What is needed:
Transcribe the line containing "Hot sale 4 Button" and every line after it, exactly, through the end of the records.

Data extracts:

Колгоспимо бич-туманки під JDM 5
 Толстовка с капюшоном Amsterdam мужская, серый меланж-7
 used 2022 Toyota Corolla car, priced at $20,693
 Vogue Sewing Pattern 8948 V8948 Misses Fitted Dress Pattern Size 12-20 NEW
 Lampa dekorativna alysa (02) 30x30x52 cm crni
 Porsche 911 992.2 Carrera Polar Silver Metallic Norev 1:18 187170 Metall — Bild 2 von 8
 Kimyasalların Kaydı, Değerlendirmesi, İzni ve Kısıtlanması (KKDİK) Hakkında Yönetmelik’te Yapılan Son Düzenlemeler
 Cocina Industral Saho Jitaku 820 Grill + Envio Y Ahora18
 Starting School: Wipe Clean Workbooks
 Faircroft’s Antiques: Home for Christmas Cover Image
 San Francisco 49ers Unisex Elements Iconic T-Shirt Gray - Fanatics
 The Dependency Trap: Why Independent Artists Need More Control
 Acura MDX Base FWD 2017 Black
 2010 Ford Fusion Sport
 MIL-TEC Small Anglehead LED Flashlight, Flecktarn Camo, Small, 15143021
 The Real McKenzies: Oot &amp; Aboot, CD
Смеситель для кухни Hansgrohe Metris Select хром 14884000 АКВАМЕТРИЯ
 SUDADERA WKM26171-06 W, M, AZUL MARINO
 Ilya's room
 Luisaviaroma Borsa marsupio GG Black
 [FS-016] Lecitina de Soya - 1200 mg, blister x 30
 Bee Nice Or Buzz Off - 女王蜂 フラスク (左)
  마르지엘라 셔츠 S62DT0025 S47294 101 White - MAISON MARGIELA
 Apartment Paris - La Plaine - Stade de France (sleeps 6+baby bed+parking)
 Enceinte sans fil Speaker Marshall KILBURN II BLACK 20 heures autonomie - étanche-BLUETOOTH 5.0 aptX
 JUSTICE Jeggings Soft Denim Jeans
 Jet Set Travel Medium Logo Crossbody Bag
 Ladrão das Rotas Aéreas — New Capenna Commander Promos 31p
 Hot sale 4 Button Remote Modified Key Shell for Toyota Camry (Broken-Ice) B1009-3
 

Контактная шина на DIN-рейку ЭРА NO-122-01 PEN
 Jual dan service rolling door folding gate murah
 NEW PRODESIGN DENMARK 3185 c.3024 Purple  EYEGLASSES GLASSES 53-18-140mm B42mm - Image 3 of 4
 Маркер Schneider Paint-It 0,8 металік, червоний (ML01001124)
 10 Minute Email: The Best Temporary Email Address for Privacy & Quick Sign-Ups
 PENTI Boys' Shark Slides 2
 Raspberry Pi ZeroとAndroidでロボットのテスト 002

Result of the task:
 Hot sale 4 Button Remote Modified Key Shell for Toyota Camry (Broken-Ice) B1009-3
 

Контактная шина на DIN-рейку ЭРА NO-122-01 PEN
 Jual dan service rolling door folding gate murah
 NEW PRODESIGN DENMARK 3185 c.3024 Purple  EYEGLASSES GLASSES 53-18-140mm B42mm - Image 3 of 4
 Маркер Schneider Paint-It 0,8 металік, червоний (ML01001124)
 10 Minute Email: The Best Temporary Email Address for Privacy & Quick Sign-Ups
 PENTI Boys' Shark Slides 2
 Raspberry Pi ZeroとAndroidでロボットのテスト 002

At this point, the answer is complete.